*How to complete this task*
Each line of the records below needs repeating exactly. Skip the pictures.

*Dataset*
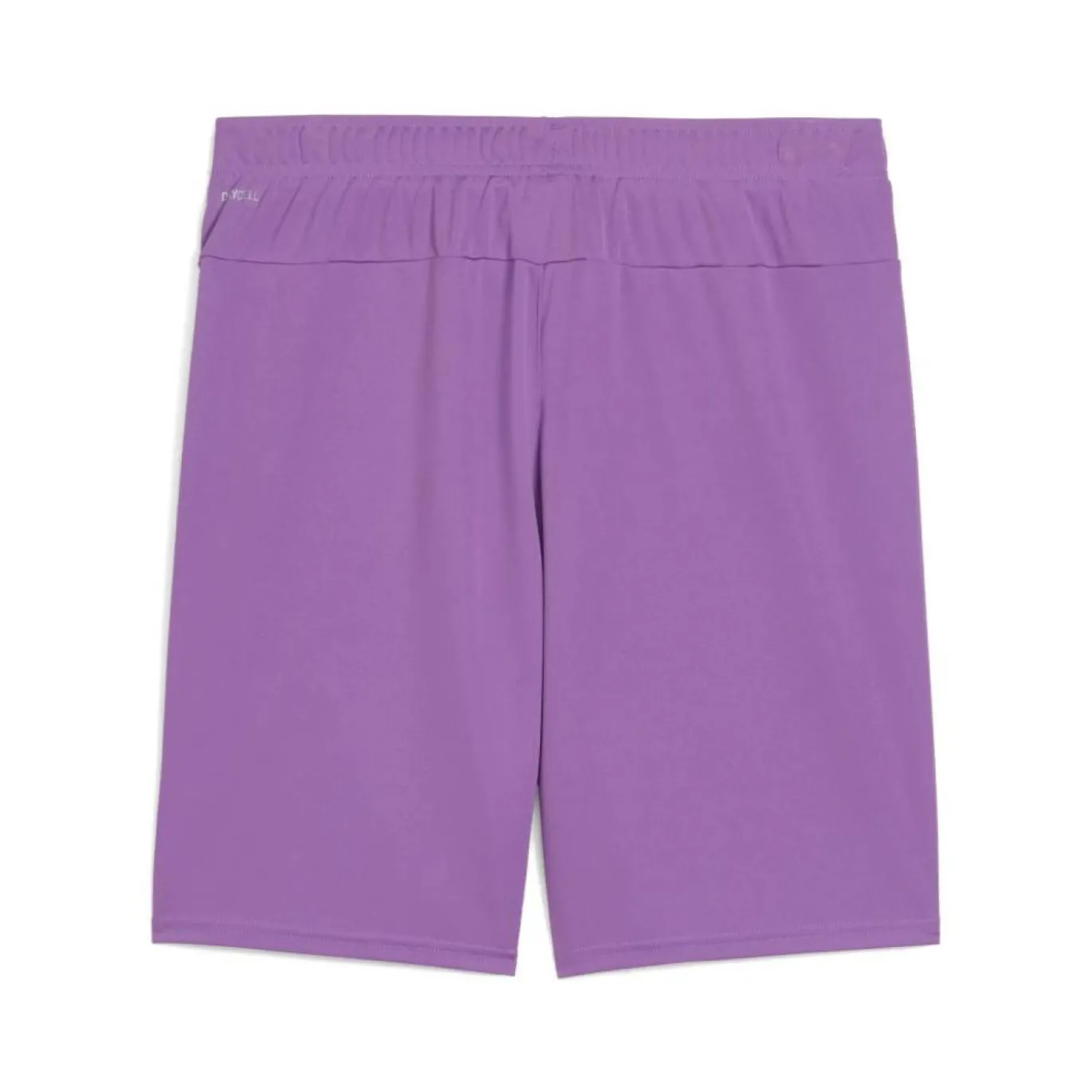PUMA teamGOAL Voetbalbroekje Paars
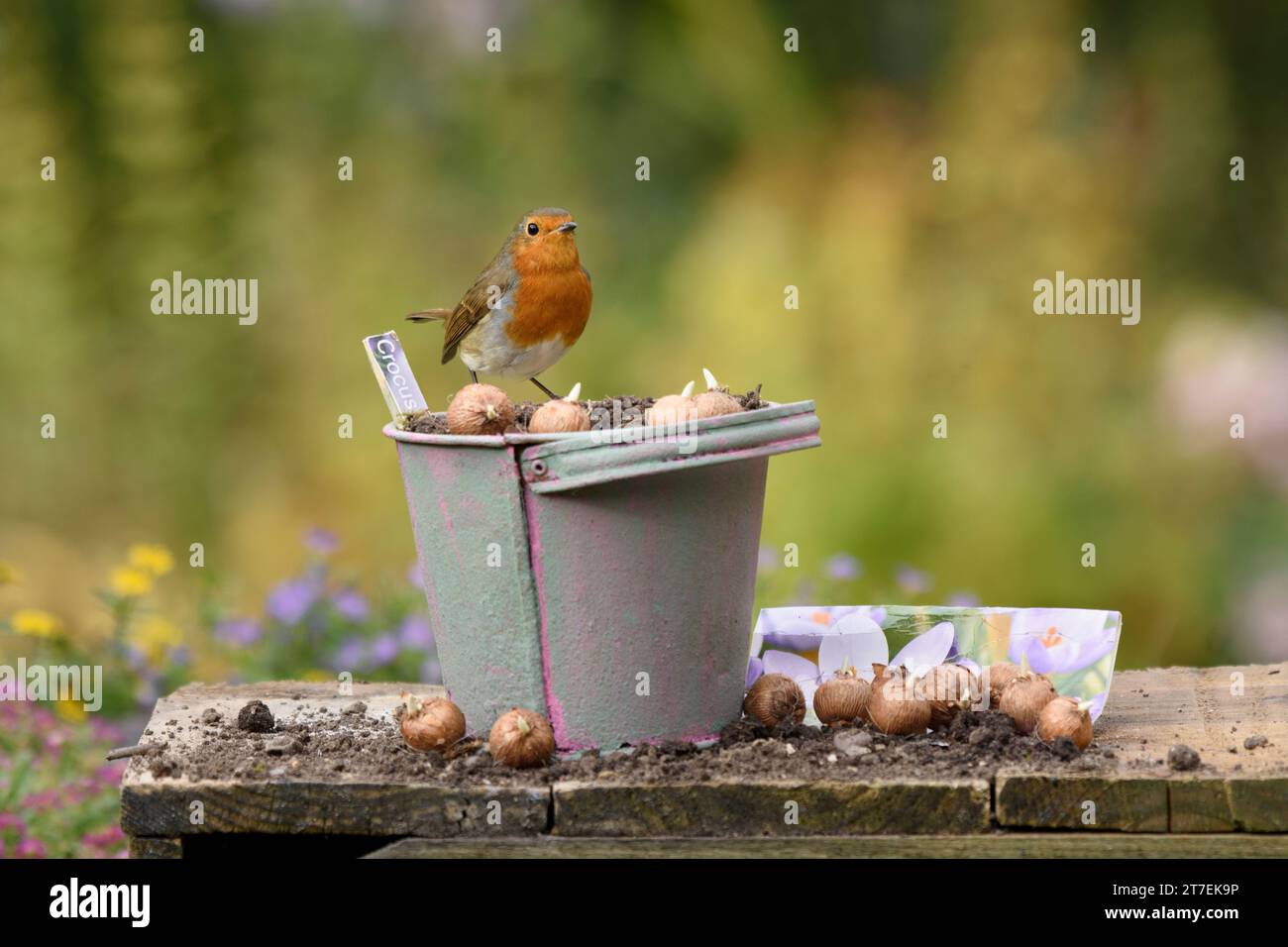 Europäischer robin Erithacus rubecula, auf einem Blumeneimer mit Krokuszwiebeln auf dem Tisch im Garten, County Durham, England, Großbritannien, Oktober. Stockfoto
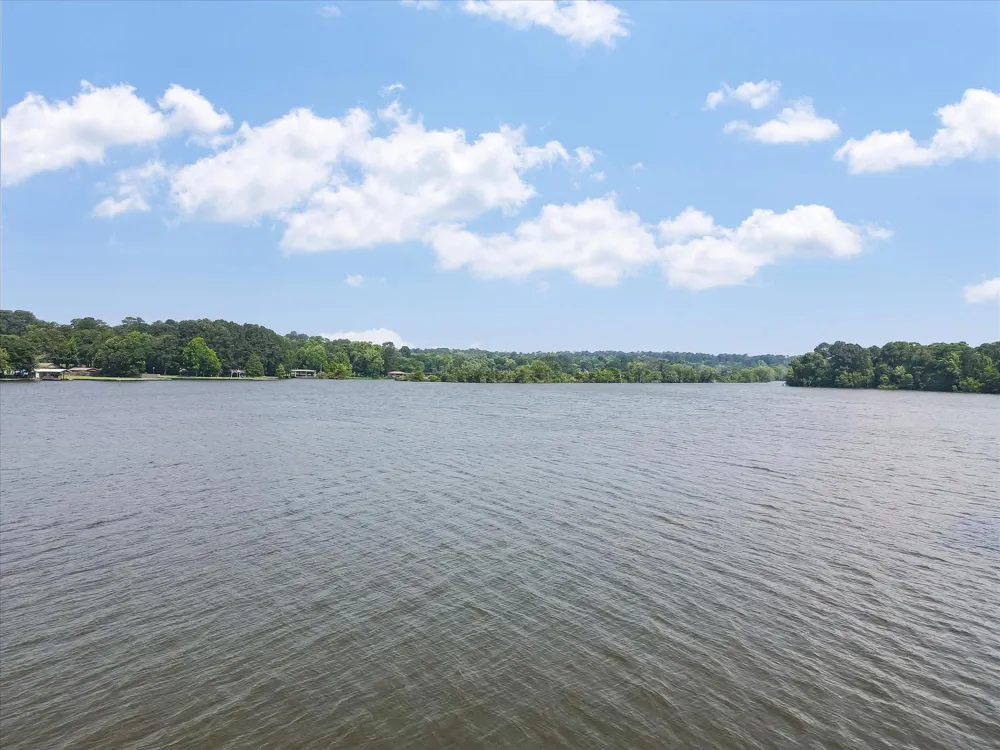 13475 Mary Wagner Willis, TX 77318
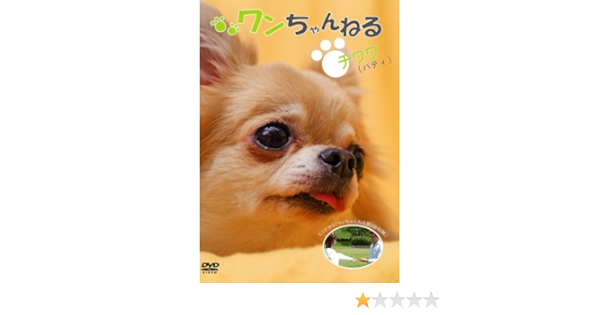 Amazon Co Jp ワンちゃんねる チワワ パティ Dvd Dvd ブルーレイ バラエティ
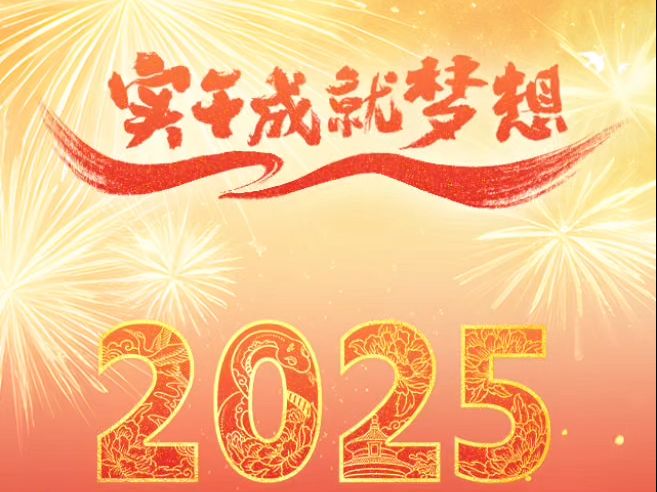 实干成就梦想!我为2025年打CALL!哔哩哔哩bilibili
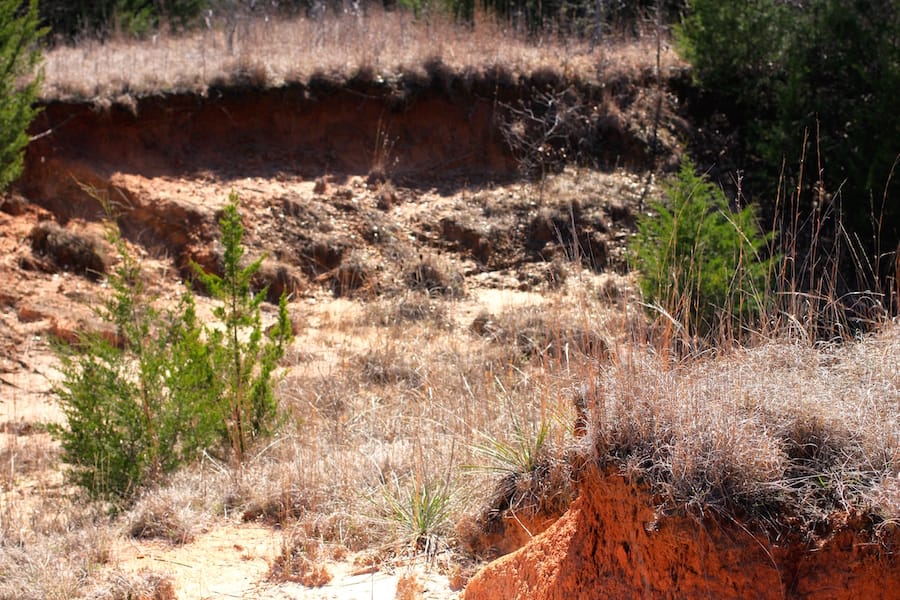 Montgomery Ranch Tract 3 photo 7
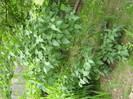 LILIAC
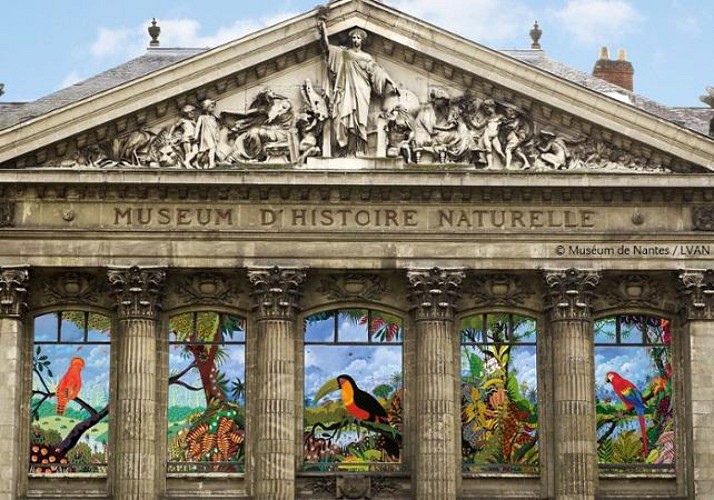 Pass Nantes : visites, activités, musées et transports inclus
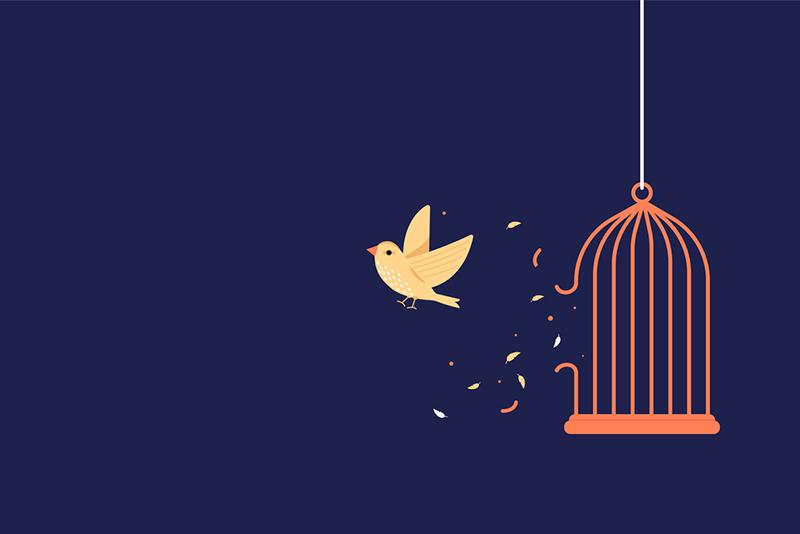 Illustration of bird released from cage
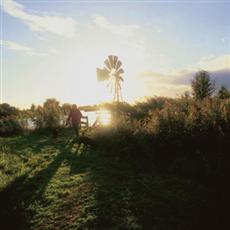 Vroege ochtend bij molen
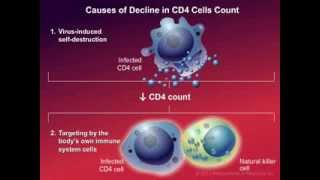 How HIV Causes Disease [upl. by Noonan369]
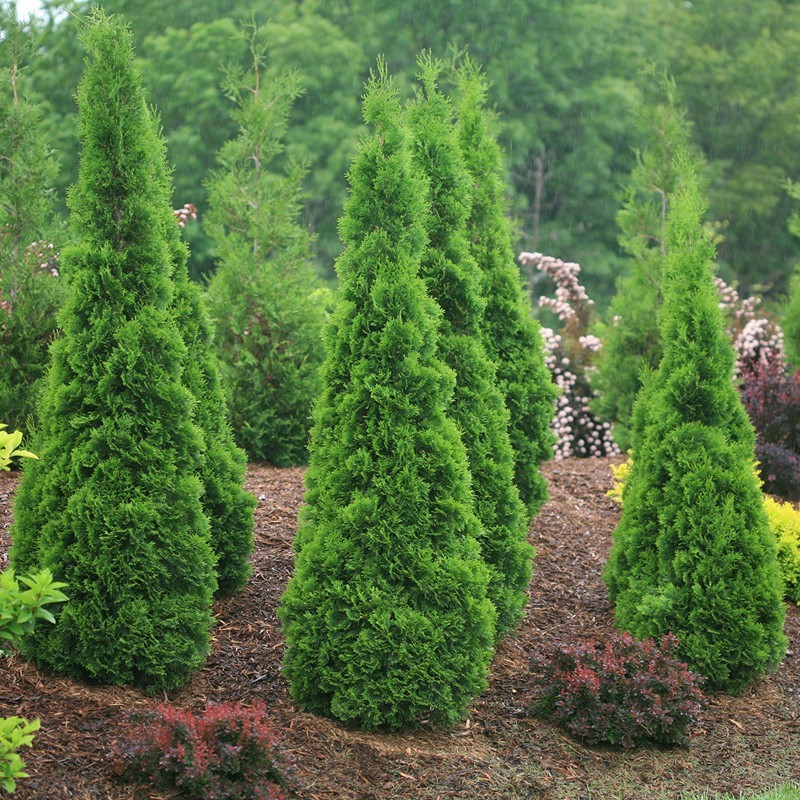 Tasong Cemetery Pine Saplings, Grave Pine Cypress, Tamarack, Cypress, Cypress, Thuja, Pagoda Pine, Qingming Pine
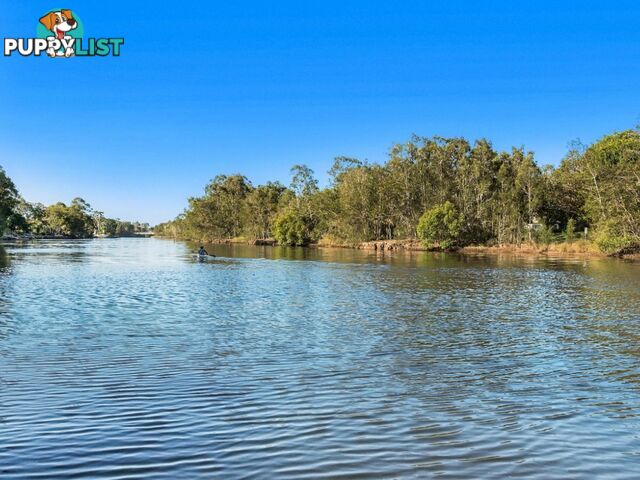 12 Tassel Place TWIN WATERS QLD 4564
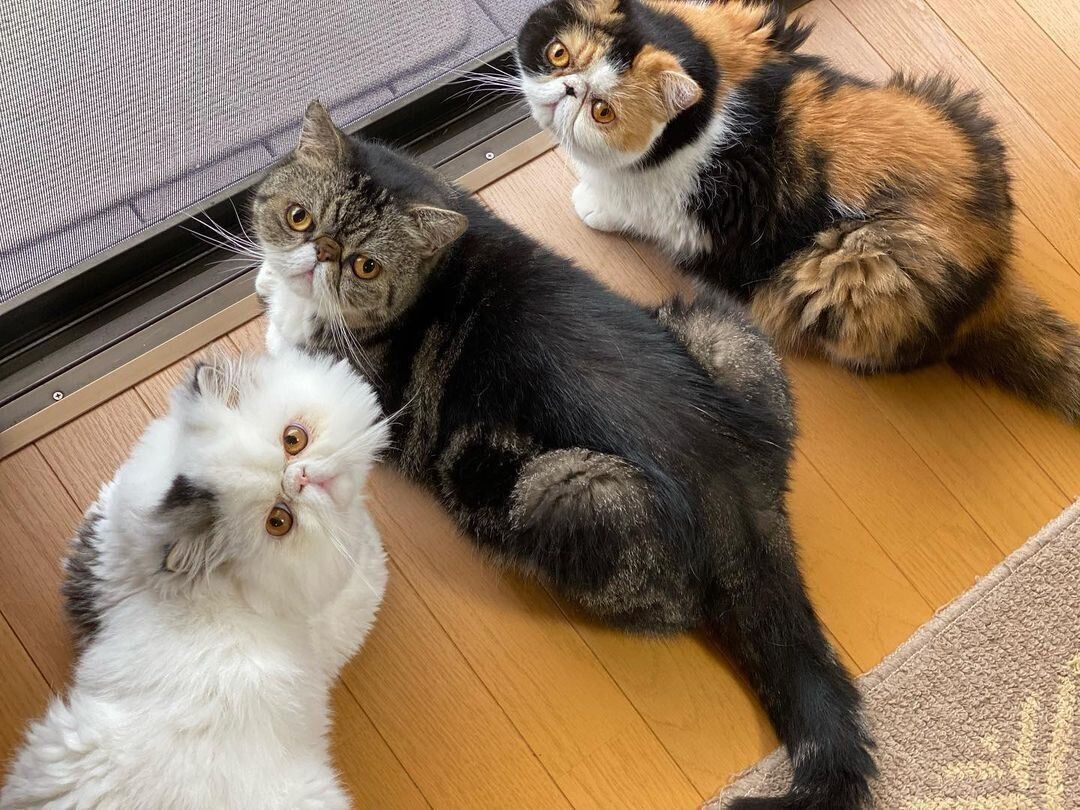 “ニャルソック”中の猫たち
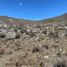  Terreno (Parcela) en venta en Lujan De Cuyo, Mendoza, Lujan De Cuyo
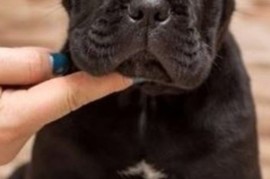 Cane Corso Kane Korso štenci, Loznica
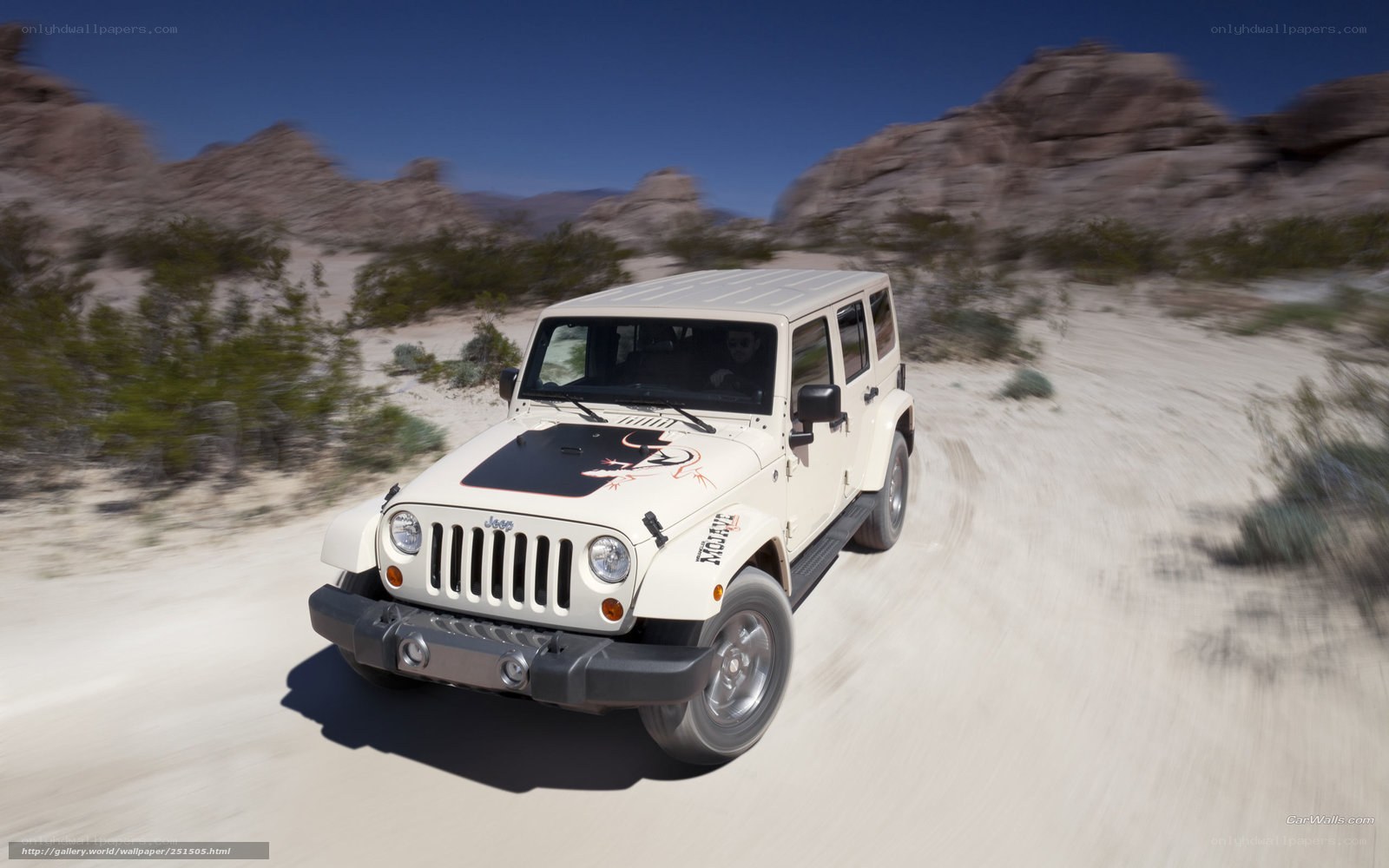 White Jeep Wrangler on desert trail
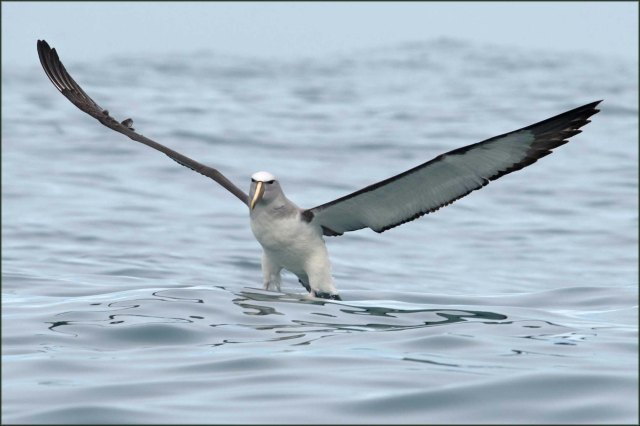 newzealandcookislands2016-176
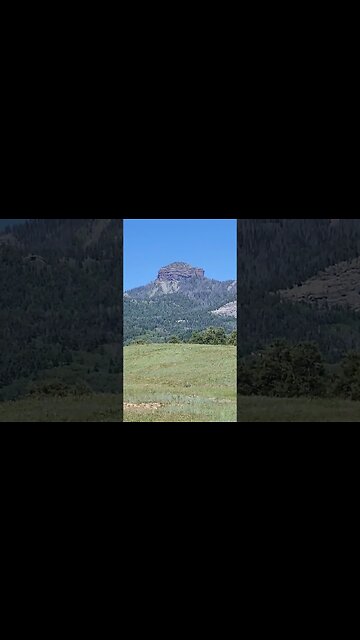 #Overpopulation #eatzebugs #shorts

*Solution*
PUMA teamGOAL Voetbalbroekje Paars
 Europäischer robin Erithacus rubecula, auf einem Blumeneimer mit Krokuszwiebeln auf dem Tisch im Garten, County Durham, England, Großbritannien, Oktober. Stockfoto
 13475 Mary Wagner Willis, TX 77318
 Amazon Co Jp ワンちゃんねる チワワ パティ Dvd Dvd ブルーレイ バラエティ
 实干成就梦想!我为2025年打CALL!哔哩哔哩bilibili
 Montgomery Ranch Tract 3 photo 7
 LILIAC
 Pass Nantes : visites, activités, musées et transports inclus
 Illustration of bird released from cage
 Vroege ochtend bij molen
 How HIV Causes Disease [upl. by Noonan369]
 Tasong Cemetery Pine Saplings, Grave Pine Cypress, Tamarack, Cypress, Cypress, Thuja, Pagoda Pine, Qingming Pine
 12 Tassel Place TWIN WATERS QLD 4564
 “ニャルソック”中の猫たち
  Terreno (Parcela) en venta en Lujan De Cuyo, Mendoza, Lujan De Cuyo
 Cane Corso Kane Korso štenci, Loznica
 White Jeep Wrangler on desert trail
 newzealandcookislands2016-176
 #Overpopulation #eatzebugs #shorts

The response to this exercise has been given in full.